Ce qui est sûr, seuls l’Etat de droit, le respect de la loi et surtout des droits de l’homme peuvent sauver une Nation autrement tout le monde est exposé à l’insécurité multiforme (juridique, physique, institutionnelle…).

Il n’y aura point de réconciliation, de paix tant que l’on veut sauter la case Justice et pardon.

Surtout mettre en place la garantie de non récurrence ou de non répétition pour que plus jamais les crimes jugés ne se reproduisent.

Est-ce que les parents des victimes ont accès à d’autres recours au niveau de la justice pénale internationale ?

J’ai déjà rappelé la possibilité des voies de recours au plan régional et international par rapport à un certain nombre de crimes ; cela est une évidence dans le monde actuel.

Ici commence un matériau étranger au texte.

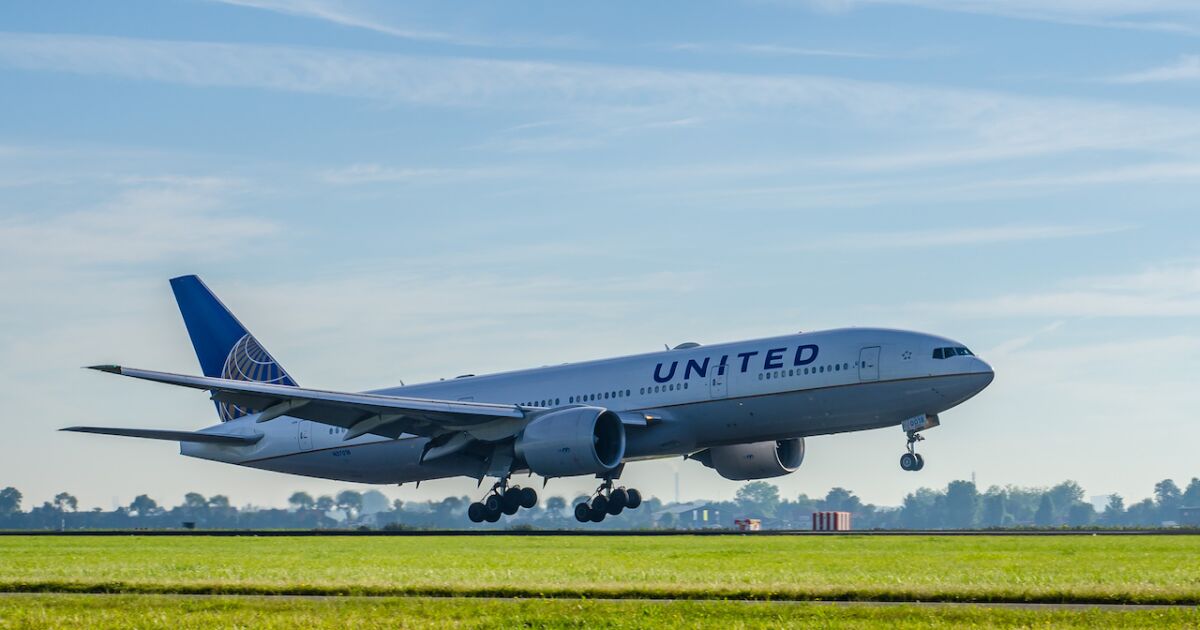 The second largest US airline rules out flying in the AIFA… For now The second largest US airline rules out flying in the AIFA… For now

Félicien Kabuga, ce nom vous dit quelque chose ?

Il a été rattrapé par la justice internationale, après un quart de siècle de cavale et à l’âge de, tenez-vous bien,  84 ans !

Quelles leçons tirez-vous de toute cette affaire ?

Juste éclairer les populations que le combat pour le respect et la protection des droits de l’homme n’est pas un combat de personne, mais plutôt celui pour la dignité humaine, la sécurité des personnes et de leurs biens sur l’étendue du territoire national et au-delà.

Ce combat transcende le temps d’un régime, d’un mandat politique.

Au total, l’agenda de la justice surtout internationale est différent de celui d’un régime ou d’un mandat politique.

La protection des droits de l’homme est une responsabilité partagée.